## Data entries
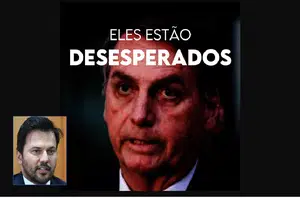 Bolsonaro e Fabio Faria(Montagem pensarpiauí)
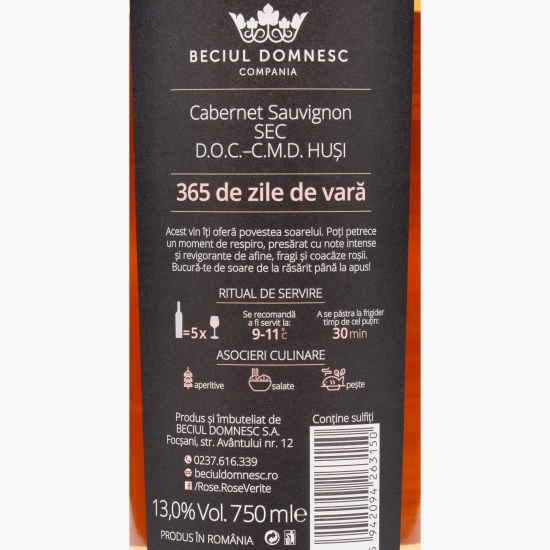 Vin rose sec Cabernet Sauvignon, 13%, 0.75l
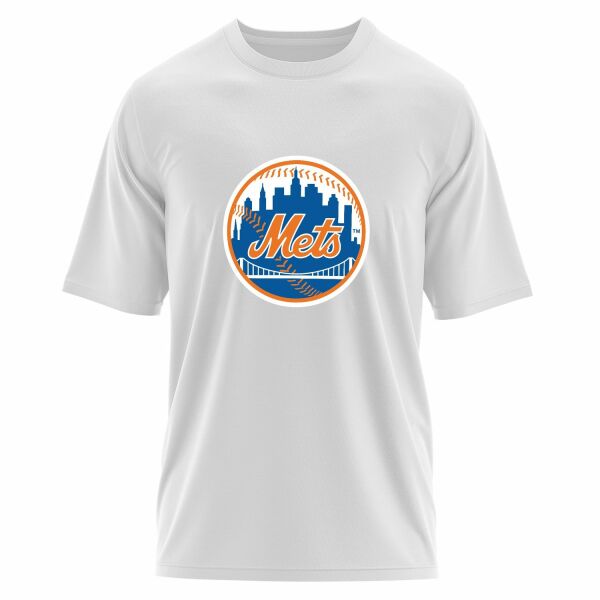 New York METS Baseball Oversize Tişört S - Beyaz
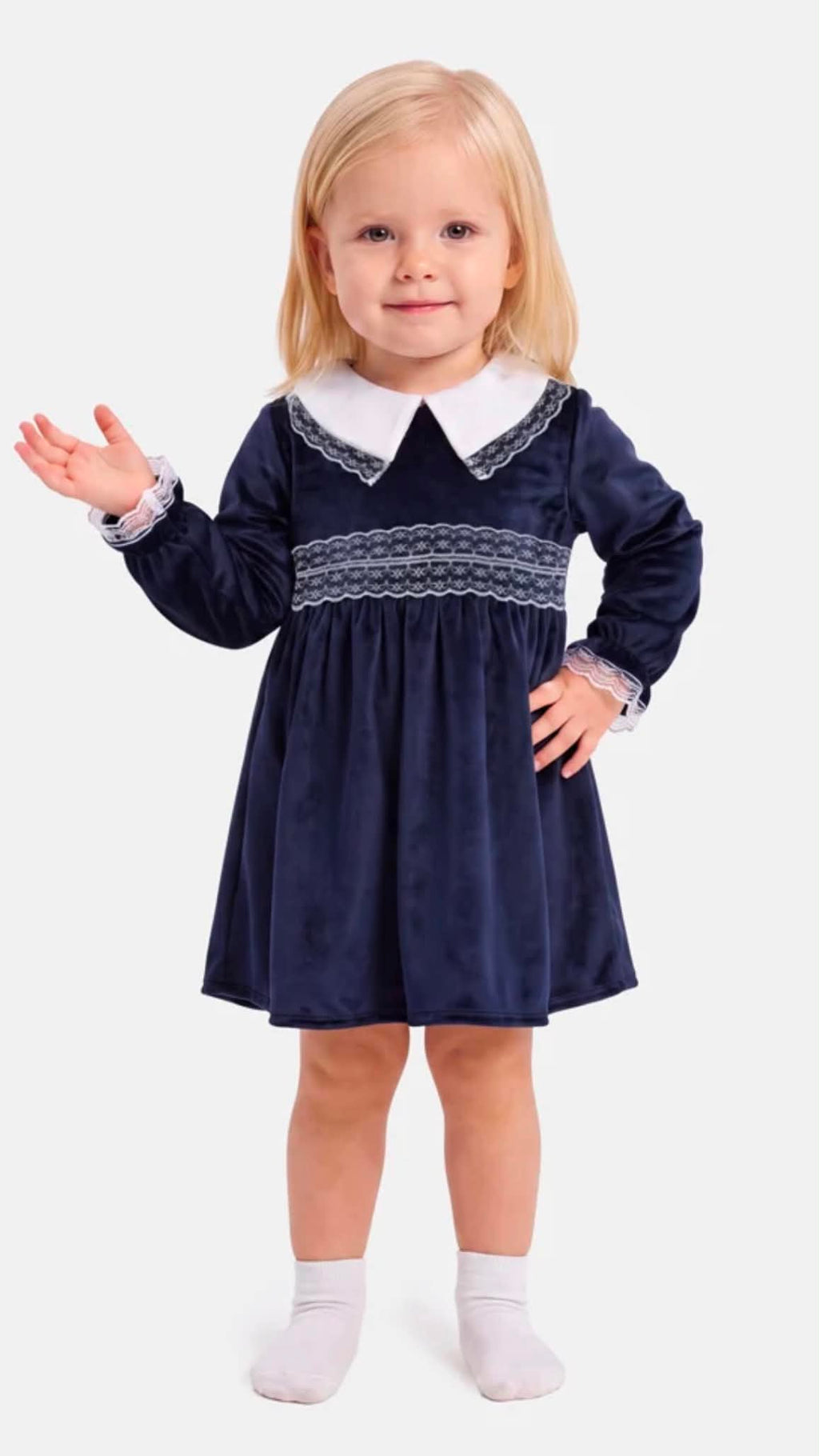 Baby Girl Celeste Collection Velvet Dress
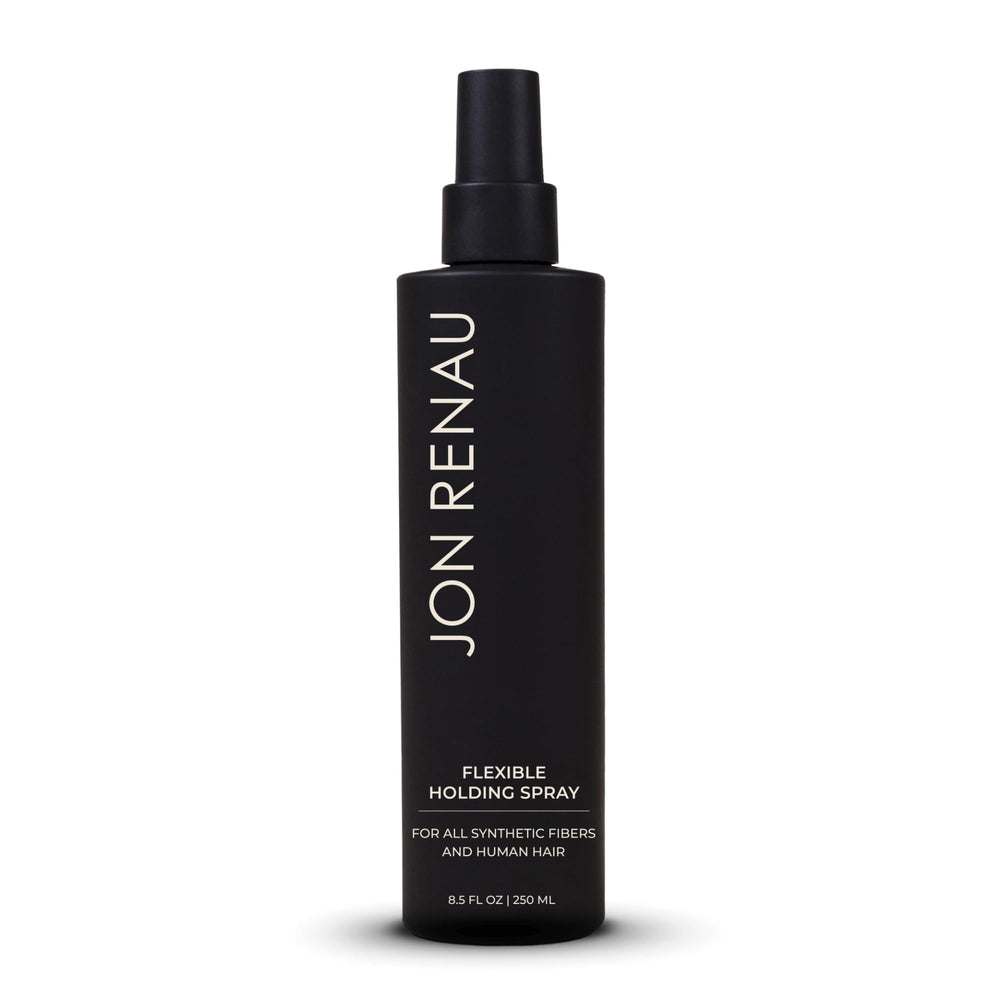 Jon Renau Flexible Holding Spray – bouteille avec pompe, maintien souple et brillance naturelle.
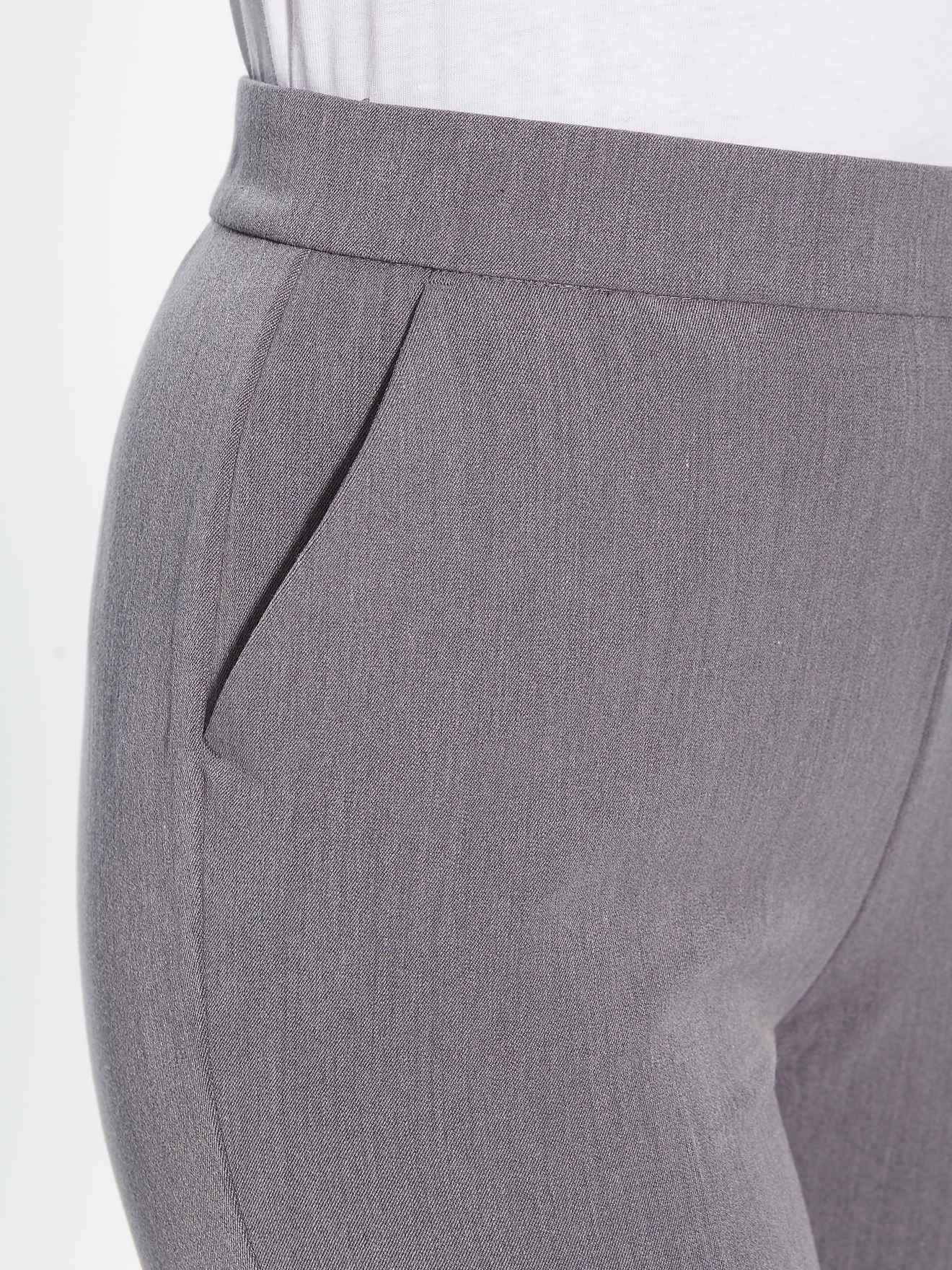 Pantalon droit effet ventre plat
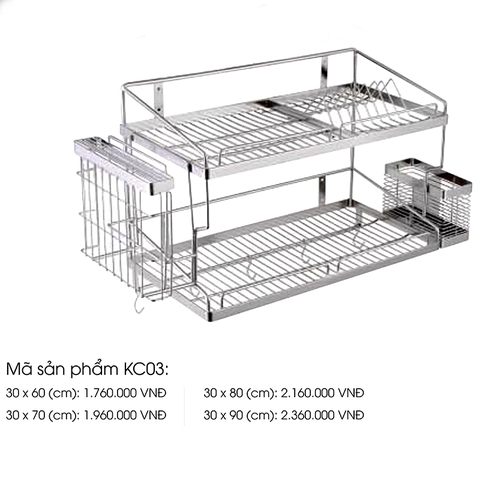 Kệ úp chén bát inox 304 mã KC03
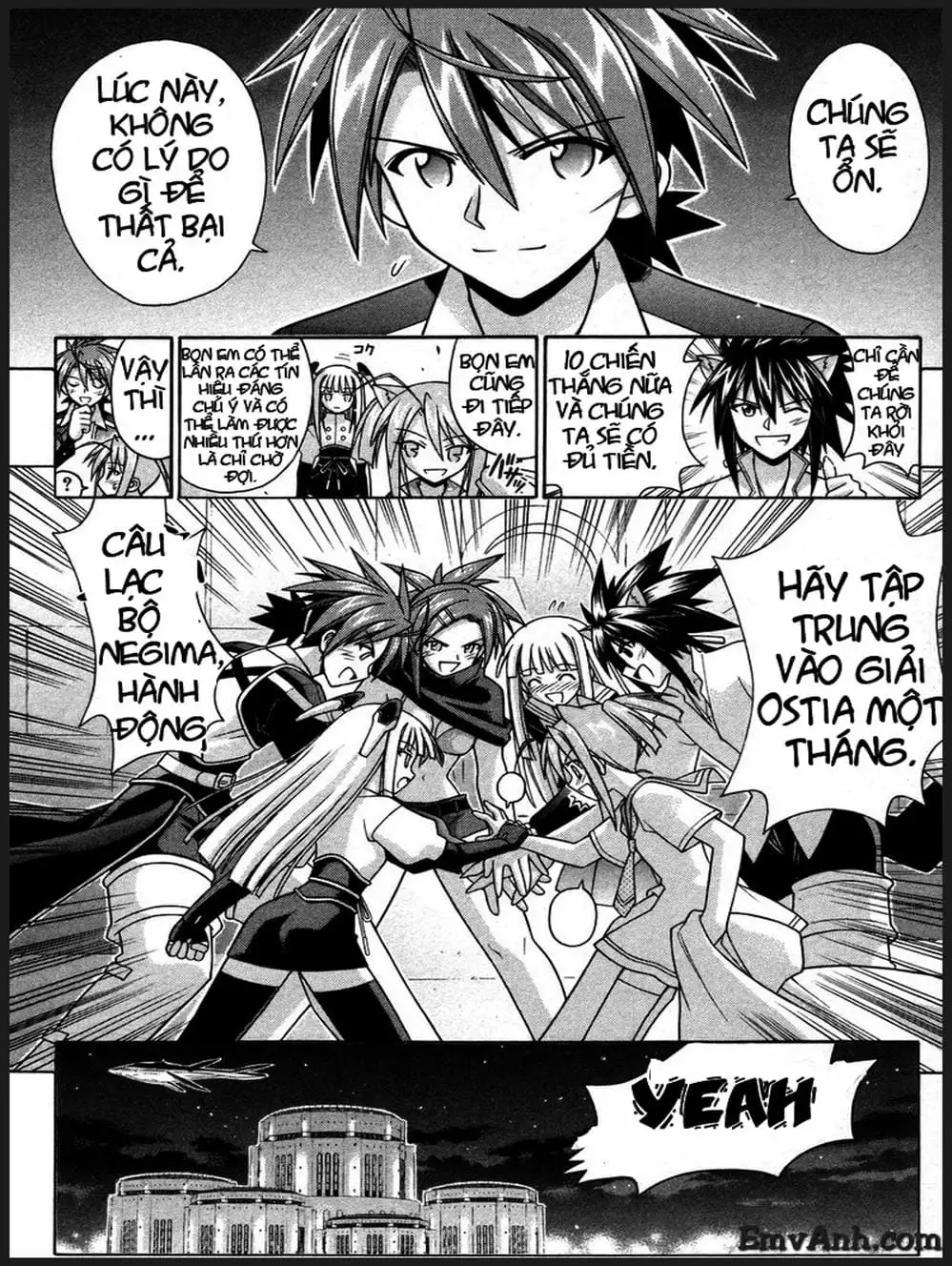 Truyện Tranh Pháp Sư Tí Hon Negima - Mahou Sensei Negima! trang 10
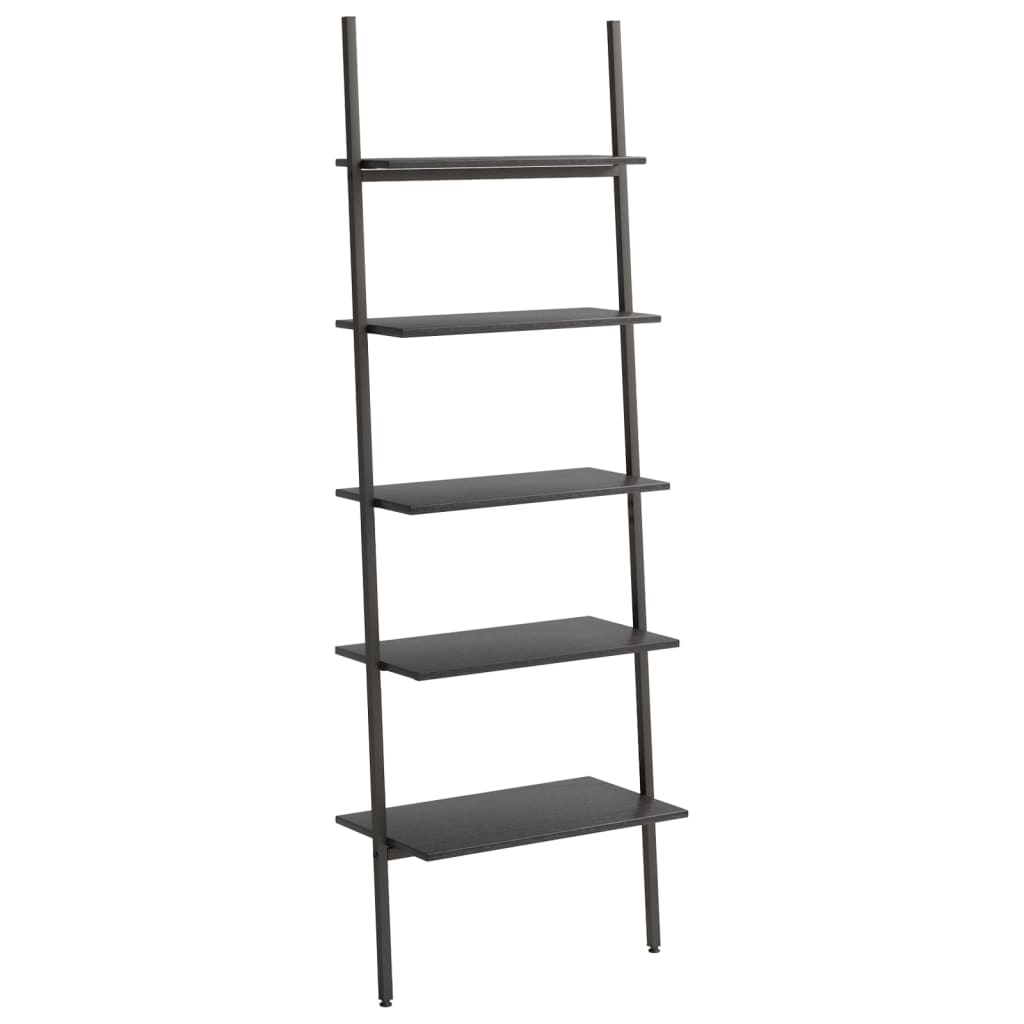 vidaXL Ραφιέρα Κεκλιμένη 5 Επιπέδων Μαύρη 64x34x185,5 εκ.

## Work task
All pictures are to be skipped. Output, word for word, the lines in the data above starting at the line containing "Jon Renau Flexible" and ending at the line containing "Truyện Tranh Pháp".

## Response area
 Jon Renau Flexible Holding Spray – bouteille avec pompe, maintien souple et brillance naturelle.
 Pantalon droit effet ventre plat
 Kệ úp chén bát inox 304 mã KC03
 Truyện Tranh Pháp Sư Tí Hon Negima - Mahou Sensei Negima! trang 10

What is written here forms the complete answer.